To see images and videos of the revolution happening in Egypt since January is sensational. To see it first-hand as an outsider, however, is much more remarkable.

Senior Theo Wilson spent this past summer studying among the Cairenes, learning their language and experiencing their history.

Wilson took classes at The International Language Institute-Cairo, studying Egyptian Colloquial Arabic (Ameya) and Modern Standard Arabic (Foss-ha) with students from countries spanning the globe.

It may have seemed like a risky move, considering the travel warning for Egypt that ended in late April, but it paid off. Wilson arrived in Egypt and saw the things that had not made the news in America. He began to gain a more complete picture of the media-dubbed "war zones" of Cairo and Alexandria.

"There was a gunman on every corner, and I mean every corner, maybe two closer to the embassies, but that was really the only visible cue that something was going on," Wilson said. "I felt just as comfortable in downtown Cairo at any time of day as I would in Manhattan or Chicago."

Even easier, Wilson said, was the reception from Egyptian civilians. Egyptian students befriended him and fellow classmates very quickly. He was even invited to share in Iftar, the fast-breaking meal that compensates a daytime abstinence from food, drink, sex and smoking, at a family's home.

Wilson said that things were calm in the city except for some fairly isolated demonstrations.

The demonstrations, Wilson said, "didn't involve everyone in the city." "[The Egyptians] were a very peaceful people," he added. "They would always ask our opinions on the Revolution. They wanted to know what we thought of what they had accomplished."

The discussions crept into his school atmosphere. "Some [professors] talked about it more than others," Wilson said. "One teacher said he believed things would be easier if [Mubarak] was just killed. Basically they were reaping the benefits of the protestors, but didn't want things to go as far as they were."

Wilson said classes were canceled on the first day of Mubarak's Cairo trial and he watched the television alongside his professors as the fourth Egyptian president was carried on a stretcher into the courtroom only a few blocks away.

"[Mubarak] was the only political leader some of them had ever known," Wilson said. "He had built up Cairo, changed the infrastructure, built the airport; he did some very good things in his time. And they were watching him lose it on national television."

Wilson noted that although he was only six miles away when the Egyptian armed forces marched into Tahrir Square on the first night of Ramadan, there was still homework and dormitory life and the novelty of international friendships.
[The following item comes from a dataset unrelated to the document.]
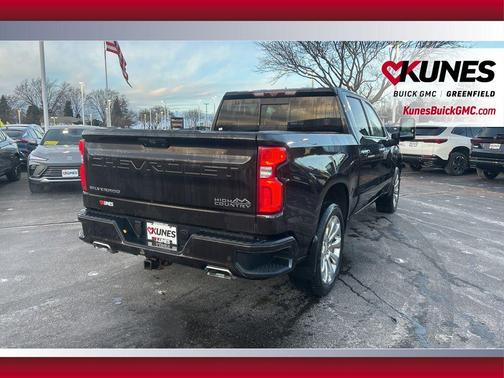 2020 Chevrolet Silverado 1500 High Country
"I came up from the subway into the square the next day and there were tanks all over the streets and armed guards everywhere," Wilson said. "But you know what? If you walked two blocks in any direction, suddenly it was as if nothing was going on. There was no military presence. No groups of protestors."

Wilson said that he is "absolutely" planning on returning to Egypt. "Next fall is the plan. A big problem is the perception that people have on the situation over there, and it's generally negative, so they use a lot of caution. Just go there and make a decision for yourself."